The University of Mississippi's Associated Student Body has passed a resolution to take down the state flag, which bears the Confederate battle emblem, from university grounds.
The resolution states that the flag divides the campus, undermines the school's efforts to promote diversity, and violates the university's creed, which calls for respect for the dignity of each person.
“It’s just overwhelming to know that the voices of students that are affected by this image, that feel excluded by this image, that are hurt by the symbol, that their voices were heard," the resolution’s sponsor, student Allen Coon, told The Jackson Clarion-Ledger. "It means that we truly are taking steps toward progress, that we care about change, that we care about students and that we respect difference.”
The measure was passed on a 33 to 15 vote, with one abstaining voter.

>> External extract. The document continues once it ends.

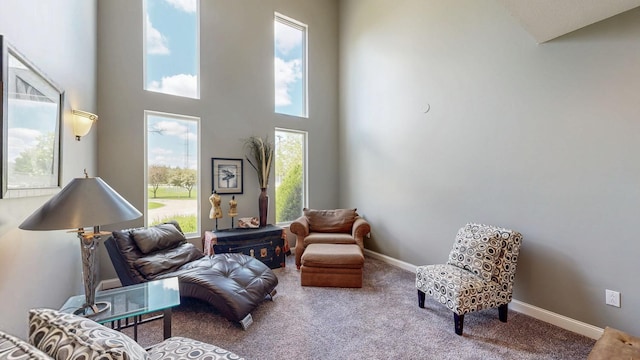 610 Main St, Adams, MN 55909 - living area with carpet floors, plenty of natural light, baseboards, and a high ceiling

Following the June 17 mass shooting at a landmark black church in Charleston, S.C., by Dylann Roof, Confederate symbols have come under increased public scrutiny. The 21-year-old shooter confessed that he was attempting to start a race war and photos quickly emerged of him displaying a variety of flags associated with white supremacy, including the Confederate battle flag. A nationwide movement erupted to rid public places of the flag.
Earlier this week, commissioners in Greene County, Tennessee, resoundingly voted down one commissioner’s proposal to fly the Confederate battle flag above the courthouse as a sign of the region’s “heritage and loyalties.” The Christian Science Monitor reported 20 commissioners voted “no,” leaving local sheriff’s deputy James "Buddy" Randolph, who wrote the proposal, the only commissioner in favor.
On Monday, the Florida Senate removed the Confederate battle flag from the chamber's official seal.
The Christian Science Monitor recently reported that Mississippi, a complex and frequently misunderstood Southern state, is also experiencing a shift in thinking on the flag and its modern legacy.
Many top state officials seeking reelection are largely steering clear of the topic, with incumbent Gov. Phil Bryant saying the question should go to a referendum. But by state law, that couldn’t occur until 2018. Legally, the legislature could furl the flag as soon as it meets early next year.
Mississippians more broadly are reconsidering a long-held belief that the flag represents a rich history, not bigotry. Republican House Speaker Philip Gunn said recently that “the flag has become a point of offense” for many people.
On Friday, Ole Miss students held a rally to support removing the flag, carrying signs that read "This is our University too," "#whataboutus?," "I am more than a flag," and "Straight Outta Patience, " according to the Ole Miss student newspaper. A group of pro-Confederate battle flag supporters from the Ku Klux Klan also attended the rally.
The issue now goes to the university senior officials to decide whether or not to implement the Associated Student Body’s decision. If the university leadership agrees with the student body, Ole Miss will be the fourth Mississippi college to remove the flag from campus, alongside Jackson State University, Mississippi Valley State University, and Alcorn State University.